= Work to complete =
Please set down each of the lines below once more, exactly, omitting all pictures.

(Data under study)

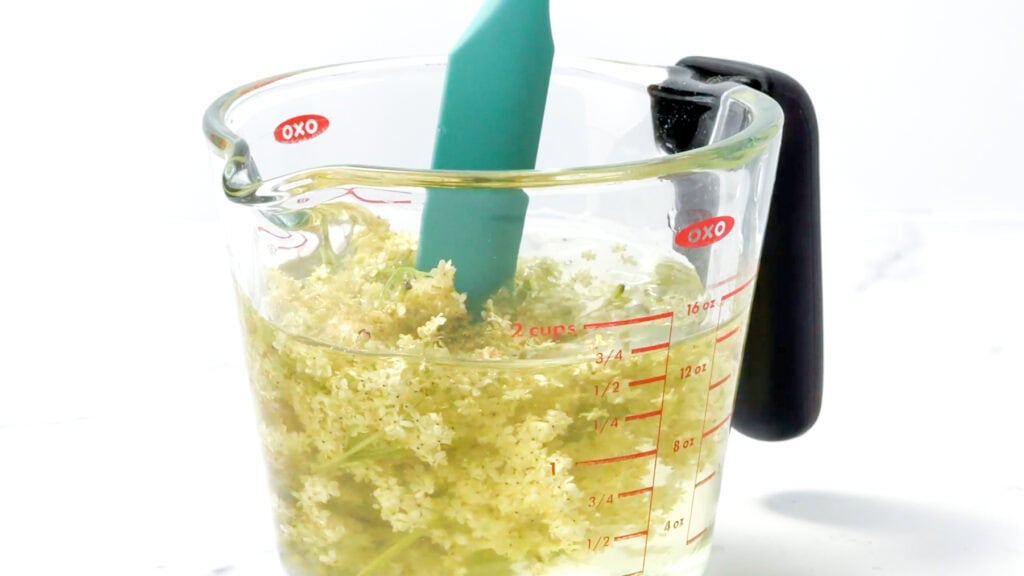 Elderflowers and lemonade combine in a glass measuring cup with a teal spatula, resting on a white surface.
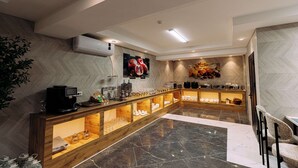 Eine moderne Hotelhalle mit Marmorboden, einem Holzbüro und einer Kaffeemaschine.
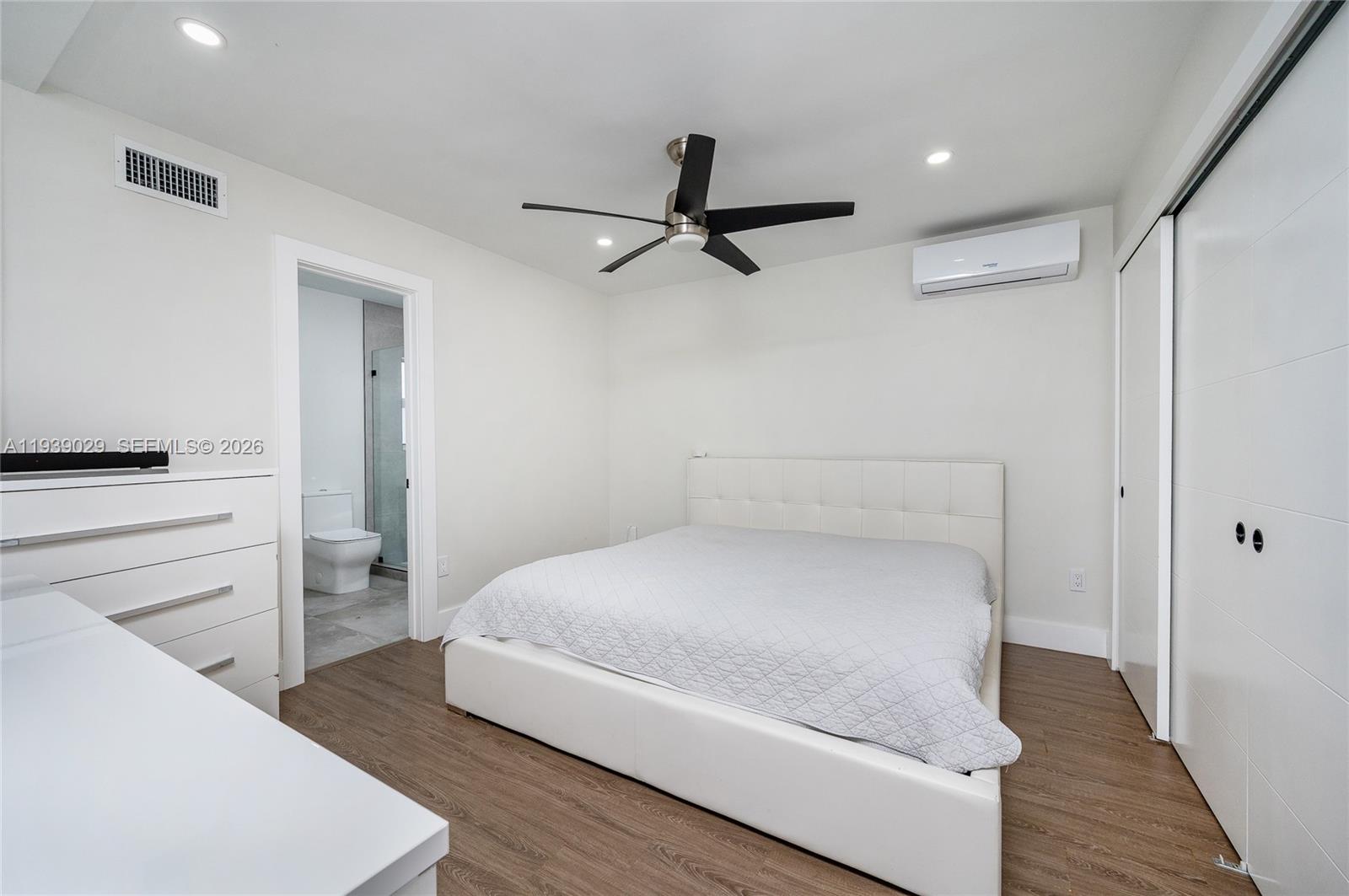 3077 Southwest 5th Street Miami, FL 33135 - Photo 17 of 25 a bedroom with a bed and a flat screen tv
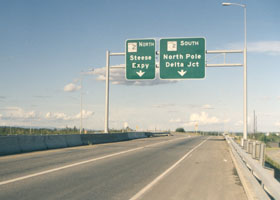Pair of overhead signs, one for Alaska 2 northbound for Steese Expy, the other for Alaska 2 southbound for North Pole, Delta Jct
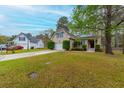 View of home and yard with solar panels on roof; detached garage in the background at 234 Lipman St, Summerville, SC 29483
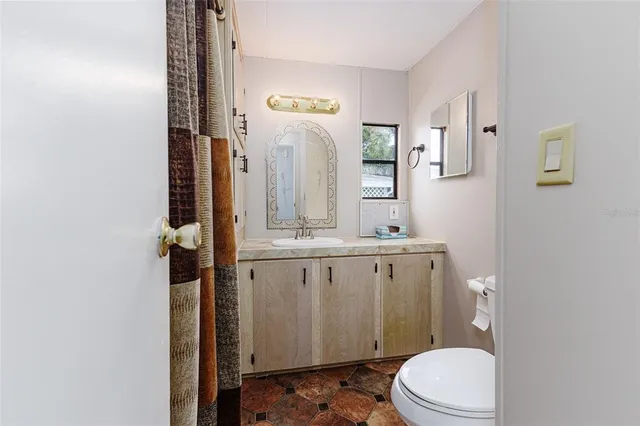 a bathroom with a granite countertop toilet sink and mirror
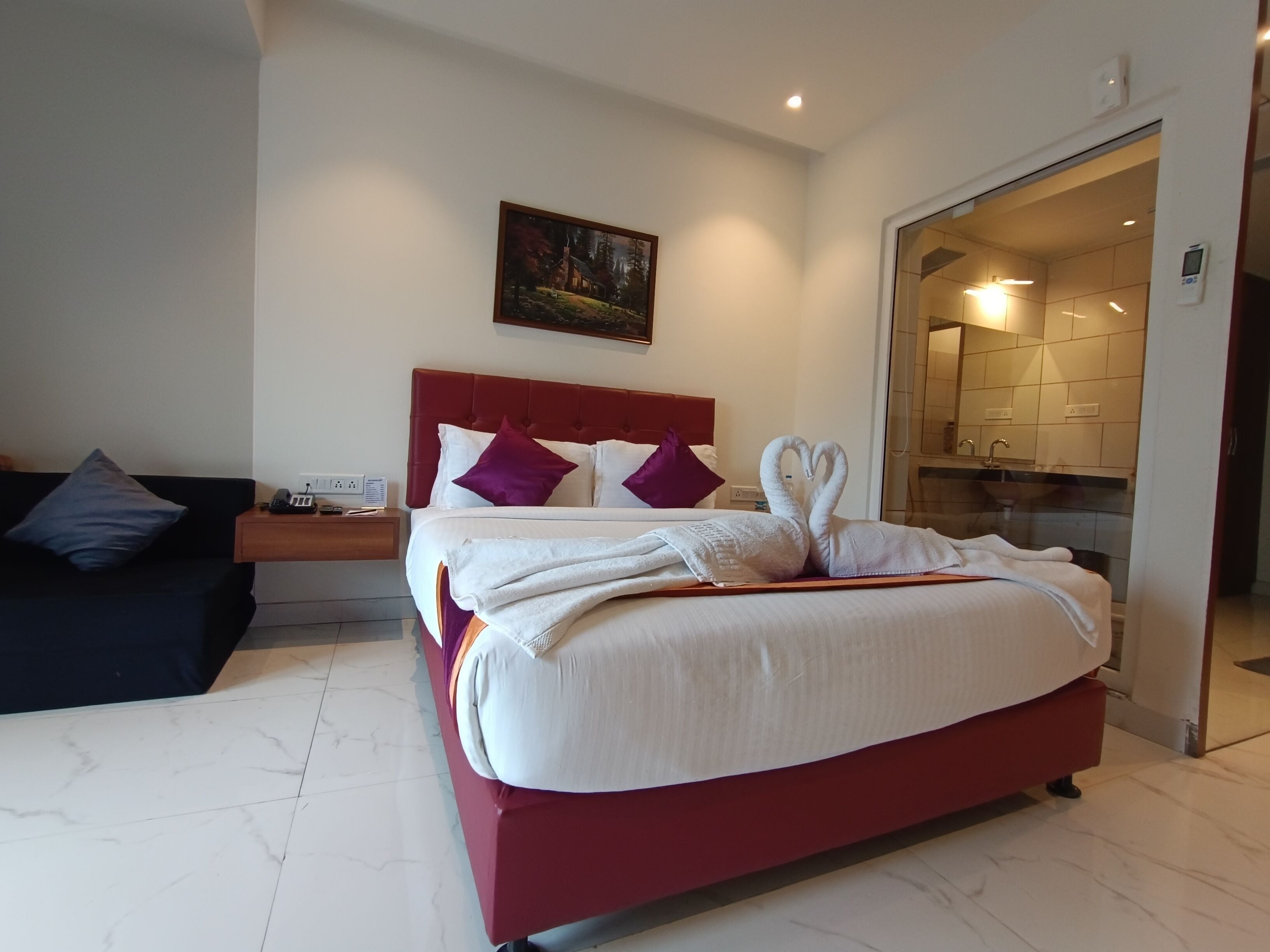 Una habitación de hotel con una cama grande, una mesita de noche, un cuadro en la pared y un baño visible a través de una puerta abierta.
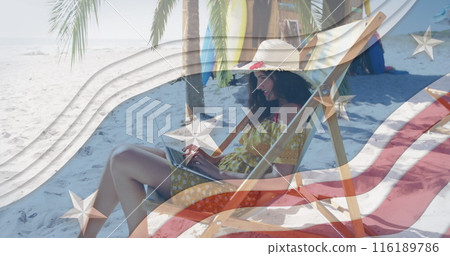 Multiple stars on blue stripes against woman using laptop sitting on deck chair at the beach 116189786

(End Data under study)

= Result =
 Elderflowers and lemonade combine in a glass measuring cup with a teal spatula, resting on a white surface.
 Eine moderne Hotelhalle mit Marmorboden, einem Holzbüro und einer Kaffeemaschine.
 3077 Southwest 5th Street Miami, FL 33135 - Photo 17 of 25 a bedroom with a bed and a flat screen tv
Pair of overhead signs, one for Alaska 2 northbound for Steese Expy, the other for Alaska 2 southbound for North Pole, Delta Jct
 View of home and yard with solar panels on roof; detached garage in the background at 234 Lipman St, Summerville, SC 29483
 a bathroom with a granite countertop toilet sink and mirror
 Una habitación de hotel con una cama grande, una mesita de noche, un cuadro en la pared y un baño visible a través de una puerta abierta.
 Multiple stars on blue stripes against woman using laptop sitting on deck chair at the beach 116189786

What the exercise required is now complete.